# Suggest Headphones for 2k



## CarlonSamuels (Jun 7, 2012)

Use-Gaming+listening to music
Budget-1k-2.5k max


----------



## gulati.ishank (Jun 7, 2012)

If you are looking for Headphones, you can buy
Hd202, Audio technica M20
For portable headphones
PX100 , AKG K403
For IEMs best choices will be
Soundmagic E30, E10, Brainwavz M1, Pro alfa


----------



## GhorMaanas (Jun 7, 2012)

very short OP....anyway:

Ozone Products | XTREME GRAFIX | Where Indian Gaming Is Rendered (ozone spark / attack)

Corsair HS1A Gaming Headset


----------



## CarlonSamuels (Jun 7, 2012)

What about the Ozone Attack


----------



## GhorMaanas (Jun 8, 2012)

CarlonSamuels said:


> What about the Ozone Attack



a more-than-decent headset for gaming. has plentiful of bass (that means gratifying explosion effects in games ). don't expect it to excel at music, though it performs decent enough in it. for gaming as a priority and at your budget, its well recommended. check out these reviews:

Ozone Attack Review #1

Ozone Attack Review #2


----------



## monixcute (Jun 8, 2012)

can yuou suggest which one is better between e10 and e30 as both of them are in near same budget..i do like some more bass but cant sacrifice details for that..so if anyone has auditioned both of them, what would you suggest?


----------



## CarlonSamuels (Jun 8, 2012)

thank you guys


----------



## gulati.ishank (Jun 9, 2012)

@moxicute ,check out these threads for E10 and E30.
I am using E30 currently and for me isolation is sufficient.From what i have heard E10 have better bass and isolation ,and E30 is more detailed and comfortable.
*www.thinkdigit.com/forum/audio/154844-klipsch-image-s3-vs-senn-cx270-vs-brainwavz-m2.html
Random IEM / Headphone Rants - Page 48


----------



## GhorMaanas (Jun 9, 2012)

CarlonSamuels said:


> thank you guys



you are welcome!
let us know what you purchased later on.


----------



## CarlonSamuels (Jun 9, 2012)

Yes i am going with the Ozone Attack.I'll post pictures soon.

Mods please close this thread.


----------



## monixcute (Jun 11, 2012)

thanks for ur reply ishank...i will be using it with sandisk clip zip..will purchase one soon...


----------



## sujayraj (Jun 14, 2012)

Hi, I was planing to purchase a new pair of earphones.

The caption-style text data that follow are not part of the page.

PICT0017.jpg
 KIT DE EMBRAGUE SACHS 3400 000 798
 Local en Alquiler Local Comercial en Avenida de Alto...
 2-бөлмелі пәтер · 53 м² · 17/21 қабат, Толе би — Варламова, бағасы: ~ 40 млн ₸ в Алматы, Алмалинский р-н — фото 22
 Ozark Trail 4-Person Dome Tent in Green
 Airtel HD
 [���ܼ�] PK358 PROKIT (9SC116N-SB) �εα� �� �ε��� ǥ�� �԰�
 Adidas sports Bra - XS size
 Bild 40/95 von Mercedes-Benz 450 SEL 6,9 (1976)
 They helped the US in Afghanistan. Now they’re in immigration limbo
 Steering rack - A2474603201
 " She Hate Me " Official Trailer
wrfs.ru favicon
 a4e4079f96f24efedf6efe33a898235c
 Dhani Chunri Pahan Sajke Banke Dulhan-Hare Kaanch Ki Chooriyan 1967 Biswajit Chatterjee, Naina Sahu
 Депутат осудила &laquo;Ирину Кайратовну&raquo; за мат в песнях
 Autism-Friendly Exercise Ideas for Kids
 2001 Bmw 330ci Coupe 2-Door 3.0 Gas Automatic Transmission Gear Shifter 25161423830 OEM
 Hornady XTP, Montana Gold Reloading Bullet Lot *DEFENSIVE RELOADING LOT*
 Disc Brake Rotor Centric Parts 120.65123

Just confused with so many brands and peoples review. I've sort listed some brands and models. Please tell me which gives Good Bass, Soft and Sparkling Treble, Good Mid Range and good Reliability (at least for one year)?

Sony 			- 	MDR-XB21EX/B
JBL			-	Tempo
SoundMAGIC 	-	PL30
Creative		-	EP-630
Denon		-	AHC - 260
Sennheiser		-	CX 180
Skullcandy		-	Black - Riot / Smoking Buds
Brainwavz		-	Pro Alpha


----------